Thank You, Reba!

 
 
Beauty and the Beast dancing
Emma as Bella and Gabe Walker as the prince in Beauty and the Beast.

Emma Cooper is an actor who first appeared on the Children’s Museum & Theatre of Maine stage last fall as Bella in Beauty and the Beast. In the past year, she’s spent countless hours here rehearsing and performing with friends and peers under the guidance of our Theatre Artistic Director, Reba Short. Emma wrote this essay for a school assignment this spring and shared it with Reba and the actors in the Youth Voices on Stage project (learn more about it here or here). Reba was very moved and shared it with me, and I wanted to share it with you – Emma writes so eloquently of the very special experience our actors have here. If you or someone you know would like to have an experience like Emma’s, we have an audition workshop this week and auditions for Little Red Riding Hood next Wednesday, June 8.

Emma writes:

When you’re a child magic is everywhere. Things become what they aren’t. A boulder becomes a fortress for a fairy army, a bumble bee a fairy prince’s noble steed. Mermaids frolic in the frothy waves at the beach and terrible monsters lurk in woods. Anything is possible. You can fly, become invisible and even become a cat. It all happens. Then, a strange phenomenon called “growing up” occurs. 

Boulders begin to look like really big rocks. Bumble bees become foul pests who sting. The waves don’t seem that imposing and the mermaids are really just loose pieces of seaweed. Flying, it happens, but it’s expensive. Where does all the magic go? We become cynical and hardened. We don’t stop to smell the flowers and to marvel at the beautiful world we live in. Everything has to be fast, grown-up, scientific and chic. 

Reba with Rabbit cast
Reba (standing, left) with members of the cast of The Rabbit Who Wanted Red Wings.

I get tired of this. This fast moving society we live in. I want to stop and smell the flowers, to marvel at a rock, see the good in a bumble bee! But it’s hard to unravel yourself. To get off of Faceook and sit outside, to stop thinking about your future and be awed by the present. 

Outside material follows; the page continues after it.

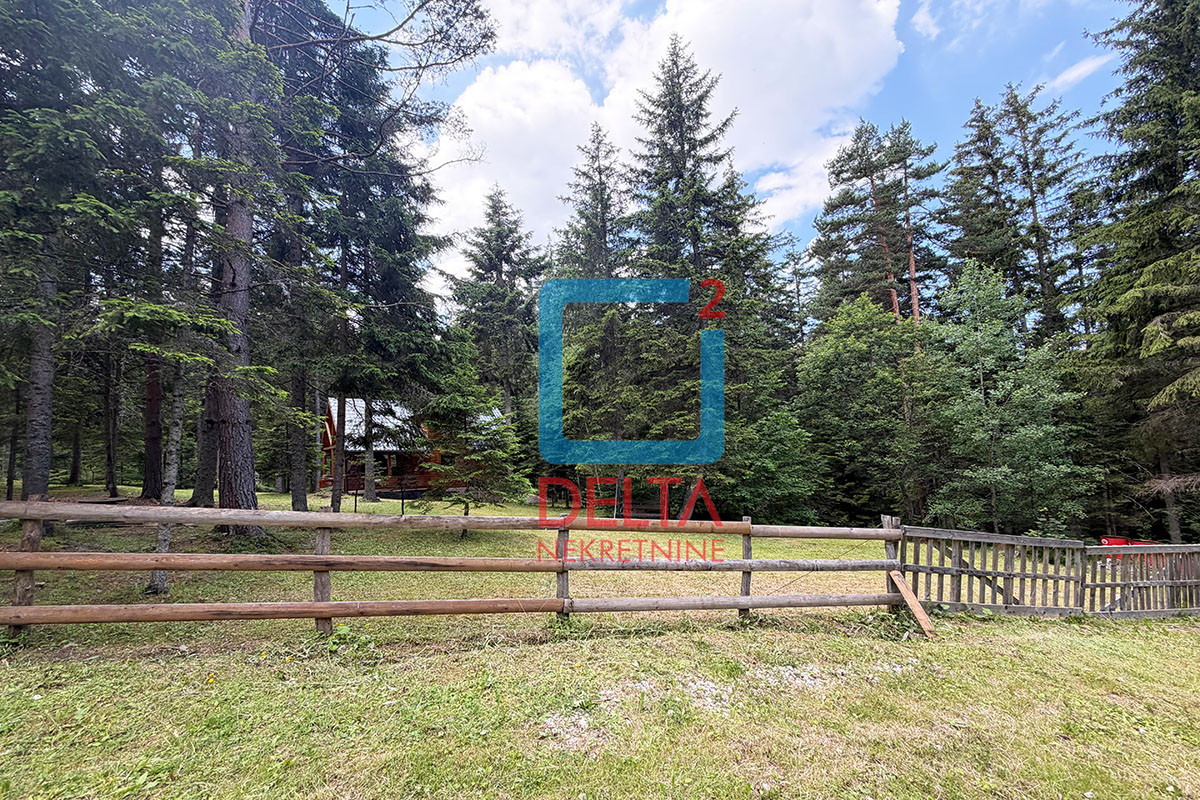 Vikendica na parceli 2.005 m2 / Nišići 22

I’ve found someone who helps me do this, a grown-up none the less. Her name is Reba Short and she is the director of the Children’s Theater of Maine. When I heard about acting in your shows, I was thrilled. It’s hard to find theaters that do straight shows, non-musicals, for teens in Maine. I remember thinking “I’m so excited; this will look great on college applications! And, I’m getting experience for an acting career!” That IS true and it’s one of the perks of the theater. But when I participated in my first show, Beauty and the Beast, I realized that that wasn’t what I valued the most. I began to marvel again. That childlike wonder came back. I found myself questioning if an angsty prince-turned-Beast really DID live in the woods. Were those mermaids I saw smiling at me? Wait, are those troll tracks?! Smell these flowers! That was the most rewarding thing you could have ever given me Reba.

I remember one time in Beauty and the Beast. Gabe was having a hard time doing the characterization during a scene. You decided that we had to sing our lines out to each other. The combination was one of Phantom of the Opera meets Beauty and the Beast meets a couple of bad singers. It was one of the most outrageous things I’ve ever done and I thank you for it!

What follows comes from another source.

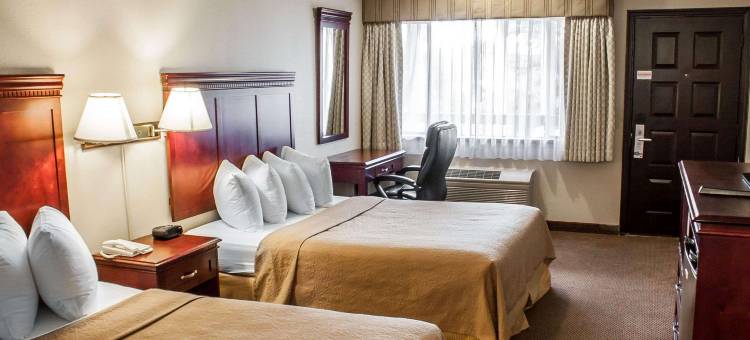 西雅图法伊夫凯艺套房酒店(Quality Inn & Suites Fife Seattle)图片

Emma in a Youth Voices Onstage workshop at East End Community School
Emma at East End Community School leading a group discussion as part of the Youth Voices Onstage project.

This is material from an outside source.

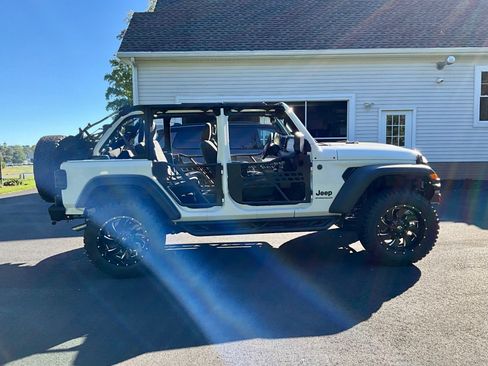 Used 2024 Jeep Wrangler Unlimited Sport image 17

In the Youth Voices project that we’ve been doing it’s such a pleasure to work with you. I know that you’ve taught us all to question our actions. When we go into schools the little kids adore you. They hang on to your every word, mesmerized. I know you’re probably going to say that you’re the one that is supposed to be thanking us, because we’re really the people who do the acting. You’re wrong. Without you this project would have not been possible. You’ve not only helped these little kids to do acts of kindness, you’ve helped us. You’ve made it so that we could all heal from wounds that were inflicted upon us by mean things people have done or said. I think I can speak for all of us when I say that working with you on this has been such a pleasure and honor.

We are so blessed to have you in our lives. You’ve taught us to see the fortress in a boulder, the smiling mermaids in the waves, to stop and smell the flowers. To cherish life and everything in it. To slow down and be awed. To find magic in the world. And most important of all to imagine and hope.

Dancing With Books

Dancing With Books is a series of innovative early childhood reading programs at the Museum & Theatre that uses theatre, movement and music to help develop young children’s enthusiasm for performing arts and reading while enriching their language skills in a fun and engaging way. Our most recent series was funded by a generous grant from the Sprague Foundation and concluded on May 3 with children from St. Elizabeth’s Child Development Center performing what they had learned for their teachers and families.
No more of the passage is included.